Persist with lead training with a normal collar, if he goes ahead, stop, wait for a loose leash. If you do decide on a harness, don't use the ones that tighten as this will have an adverse effect on his growing bones.


----------



## Werehorse (Jul 14, 2010)

Anti-pull harnesses which cause a dog feel discomfort when it pulls towards something, e.g. another dog, a person; can make them fearful of and potentially aggressive towards the thing which they then associate with the discomfort e.g. another dog, a person. You see?

Unfortunately you have a spaniel. You either have to accept the pulling (in which case I would reccommend a normal, comfortable harness to reduce adverse effects on his neck) or you will have to put in a LOT (and, boy I know about it, a LOT) of hard work in order to reep results.

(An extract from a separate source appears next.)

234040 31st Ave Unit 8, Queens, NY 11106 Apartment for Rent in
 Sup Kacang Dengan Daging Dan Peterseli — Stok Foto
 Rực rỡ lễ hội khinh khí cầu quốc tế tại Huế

Or, of course you could get a quick fix gadget which hurts your dog and potentially makes him more fearful of the world and within a few weeks he'll be pulling you straight through anyway because... he's a spaniel - they are bred to push through undergrowth and run around madly and something just doesn;t connect in the brain to make them have any respect for a lead, a headcoller, a harness etc etc.

However - have hope! I have a sprocker. And from the moment he stepped into the world on a lead he has been a set on, traction engine of a puller. And there have been many, many times when I have pretty much sat down and cried, nearly been pulled off my feet, wondered whether I would ever be able to walk him on my own without boyfriend with me to take him when he got too much. There was never any moment when the lead went slack for me to work with, he would ignore food lures and I just didn't have any hope at all.

BUT two years on from his first ventures into the world he is slowly but surely improving and there are days when he's a pleasure to walk on a lead instead of an out and out nightmare!

Lots of consistant positive reward based training as well as some very careful and considered use of a "gentle leader" headcoller (I hated using it but it just gave enough breathing space to be able to create some good walking that I could then reward - I used it reasonably regularly for about 3 months, maybe less). Lots of finding less distracting environments for the same reason - so that there *were* moments of relaxed walking to mark and reward. Gradually the moments have got longer and the environments more distracting and we're... getting there. Particularly in the past few months as he has matured, the hours and hours of foundation work have started to pay off.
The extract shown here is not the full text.